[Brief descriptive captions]
========================
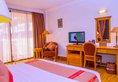 Angkor Century Resort & Spa в Сием Риеп Камбоджа ✅. Забронировать номер онлайн по выгодной цене в Angkor Century Resort & Spa. Трансфер из аэропорта.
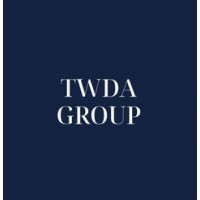 TWDA Group logo - Similar company to Double H Title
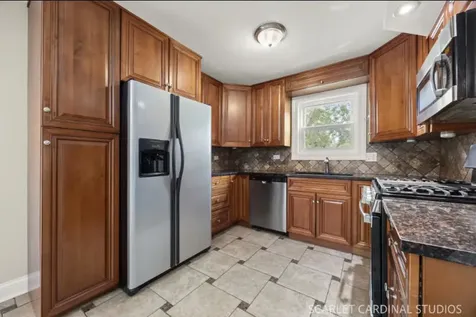 235 Westbrook Circle Naperville IL 60565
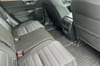 19 thumbnail image of  2022 Honda CR-V EX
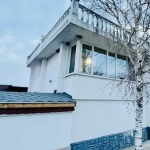 Къща в с. Куртово Конаре, Област Пловдив - 175 кв.м за 628 €/кв.м - Снимка #1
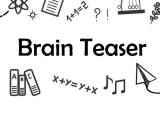 Jugar Brain teaser now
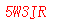 ǩ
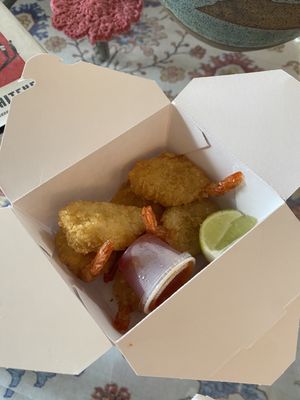 Bangkok99 Food Truck by null Bangkok99 Food Truck by null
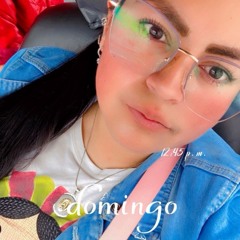 chiquita Andrea
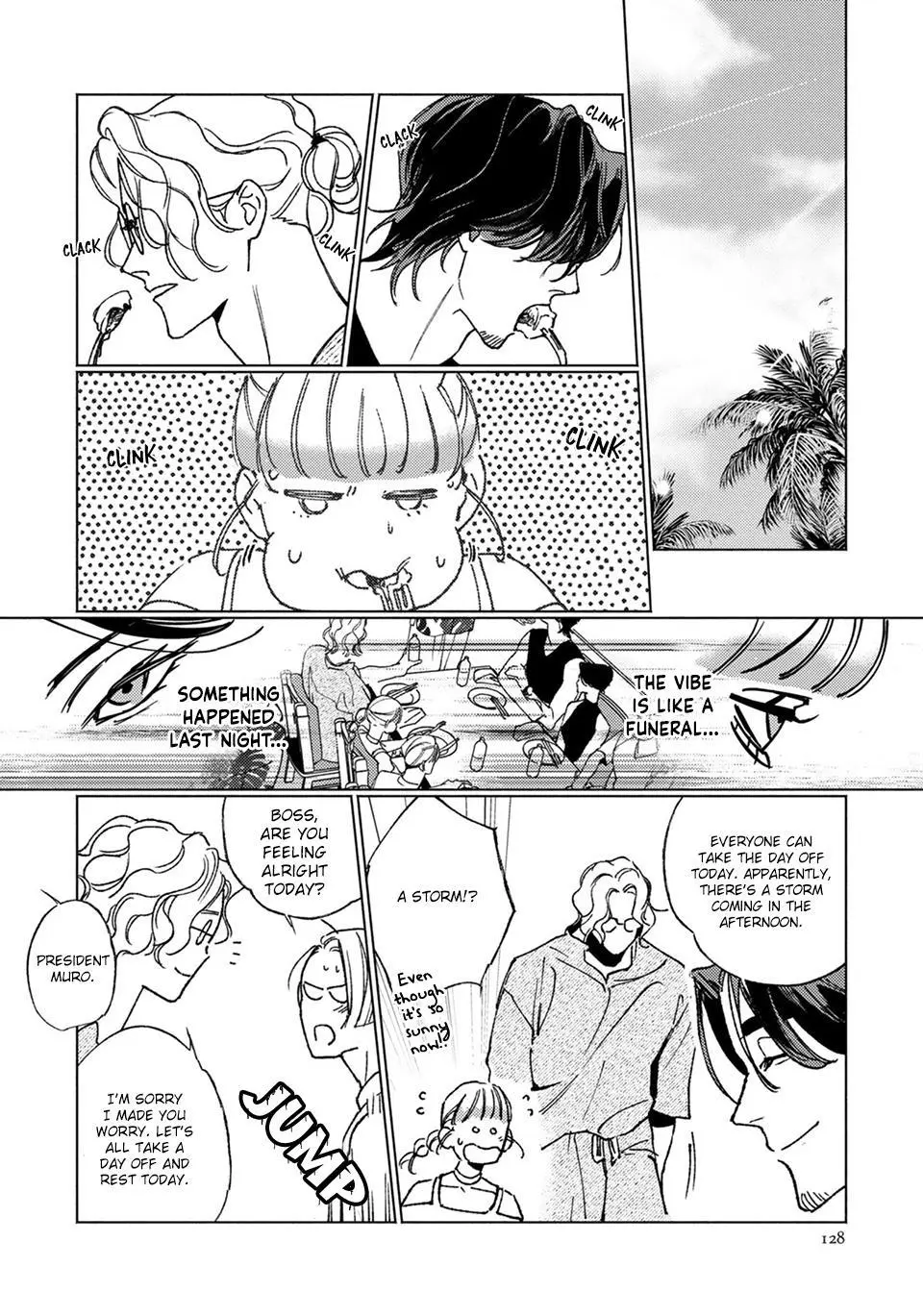 Manga page 26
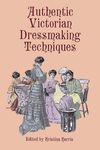 Authentic Victorian Dressmaking Techniques - 圖片 1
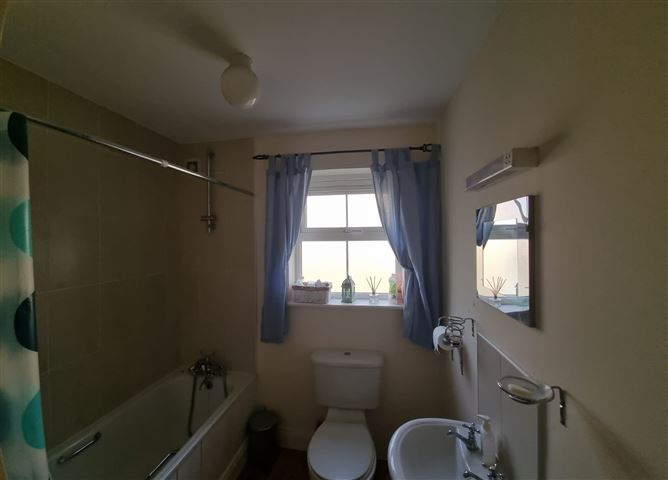 20A Bruach Na Gaile, Moyvane, Co. Kerry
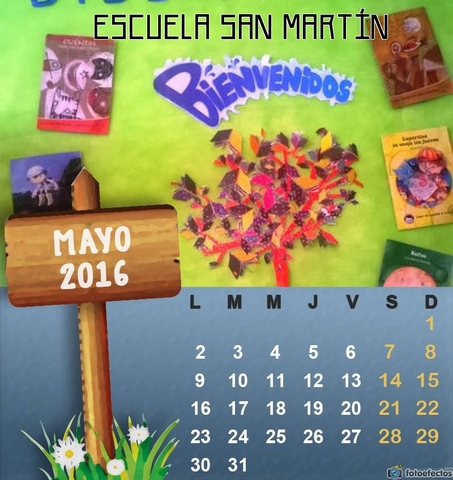 Historia de la Biblioteca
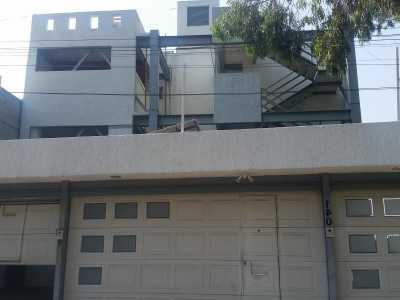 Apartment For Sale in Jiquipilas, Mexico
========================
Exercise goal >>
From the line with "Bangkok99 Food Truck by null Bangkok99" through the final line of the records above, return each line exactly and nothing else. Pictures are to be skipped.

Answer to the problem >>
 Bangkok99 Food Truck by null Bangkok99 Food Truck by null
 chiquita Andrea
 Manga page 26
 Authentic Victorian Dressmaking Techniques - 圖片 1
 20A Bruach Na Gaile, Moyvane, Co. Kerry
 Historia de la Biblioteca
 Apartment For Sale in Jiquipilas, Mexico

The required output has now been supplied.